An exact copy of the lines of the listing below between the "На трассе в" line and the "Teide National Park: Stargazing" line, both included, is the whole answer; please omit the pictures.
★ ★ ★ ★ ★
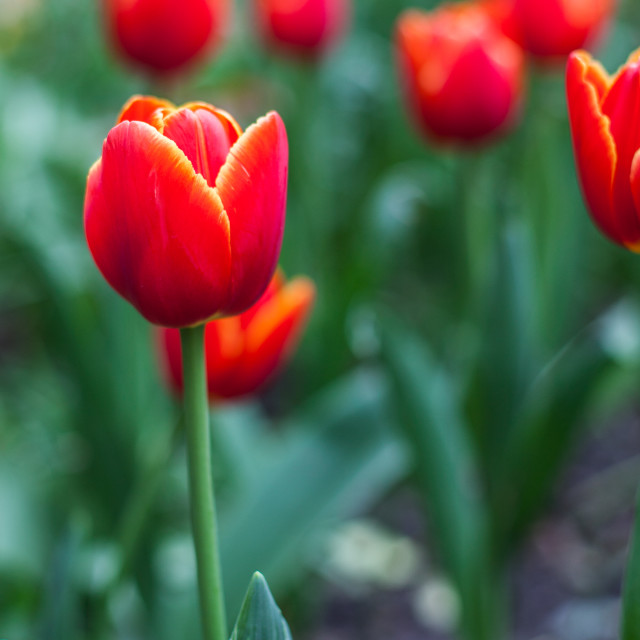 "Tulip" stock image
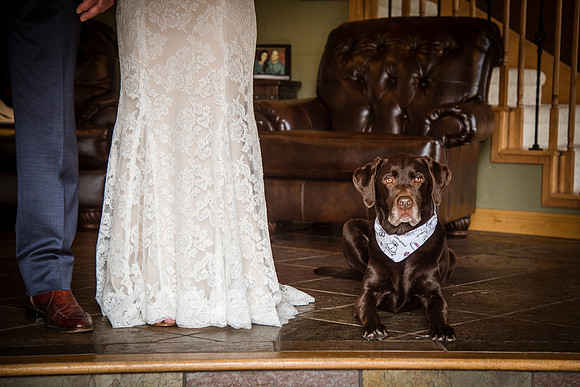 Colorado Mountain Wedding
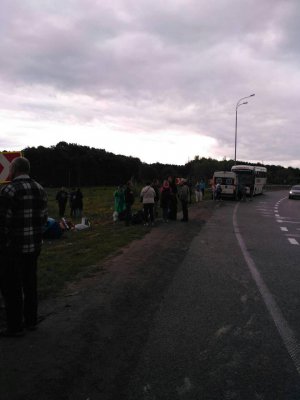 На трассе в Ровенской области перевернулся автобус, пострадали 6 человек. Фото: ДСНС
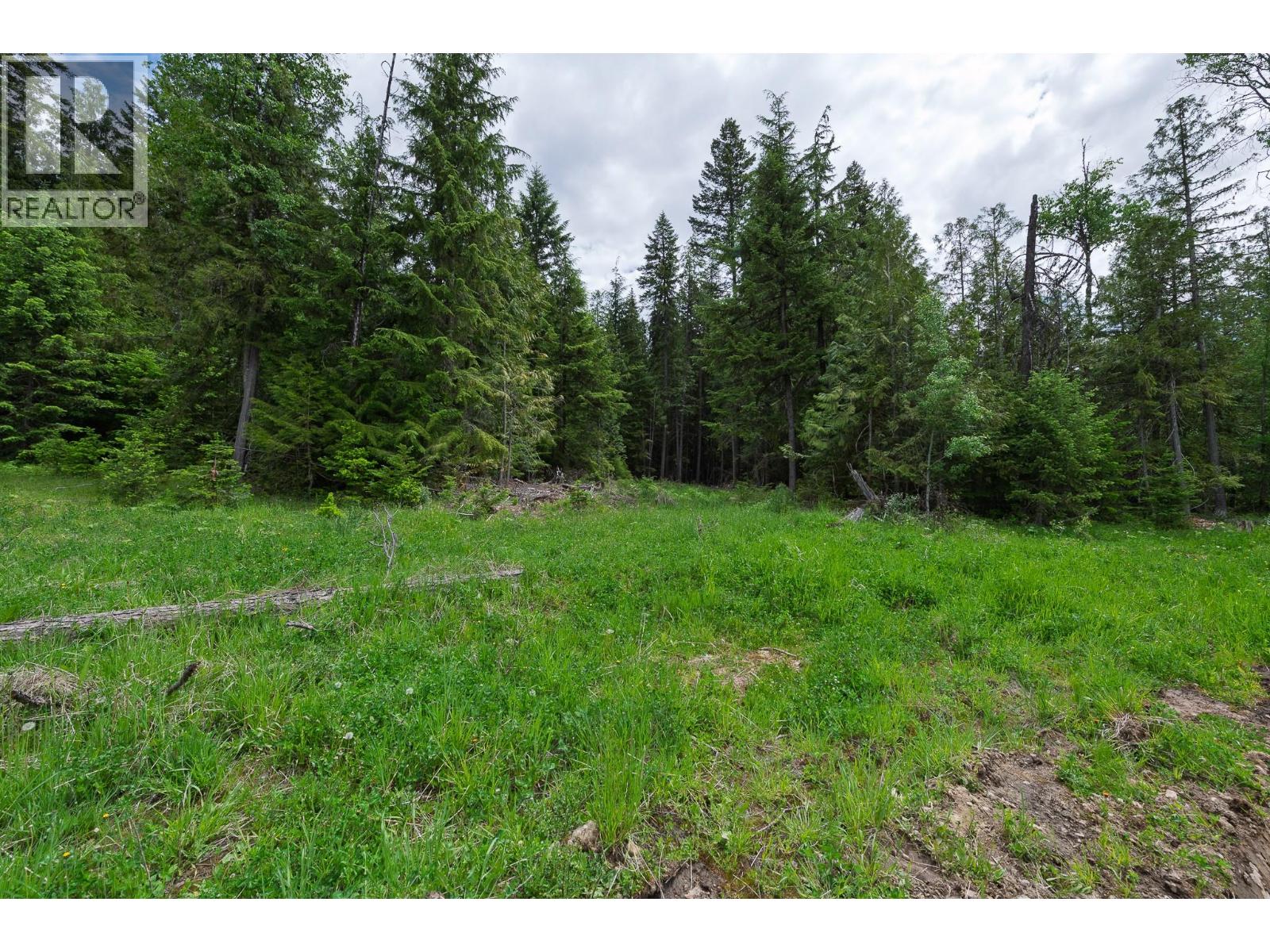 Lot 22 Lakeview Arrowcreek Road, Wynndel, British Columbia  V0B 3N0 - Photo 4 - 10386069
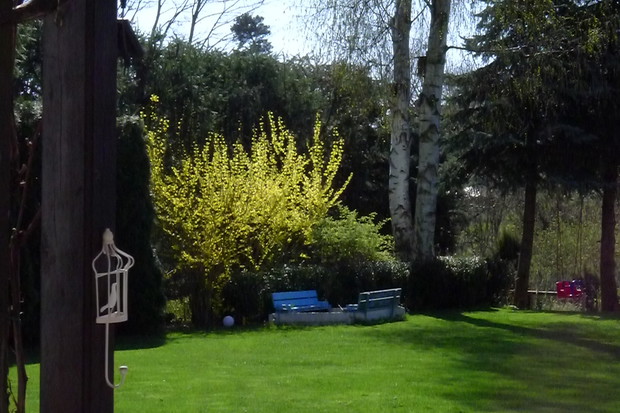 W żółtych płomieniach kwiatów, a u dołu piekarnia babek z piasku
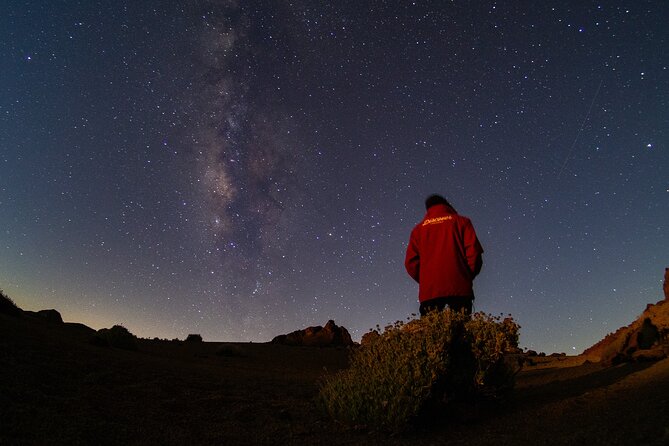 Teide National Park: Stargazing Experience - Is $42.33 a fair price?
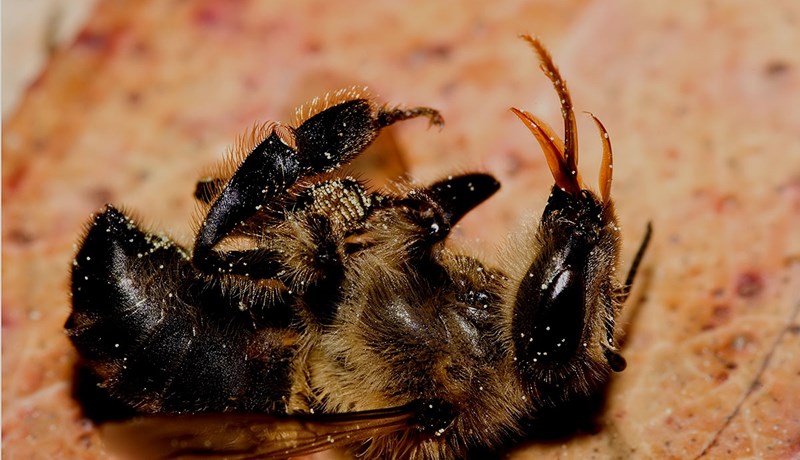 Undanþágur veittar til að nota bannað skordýraeitur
★ ★ ★ ★ ★
### WRITTEN ANSWER
 На трассе в Ровенской области перевернулся автобус, пострадали 6 человек. Фото: ДСНС
 Lot 22 Lakeview Arrowcreek Road, Wynndel, British Columbia  V0B 3N0 - Photo 4 - 10386069
 W żółtych płomieniach kwiatów, a u dołu piekarnia babek z piasku
 Teide National Park: Stargazing Experience - Is $42.33 a fair price?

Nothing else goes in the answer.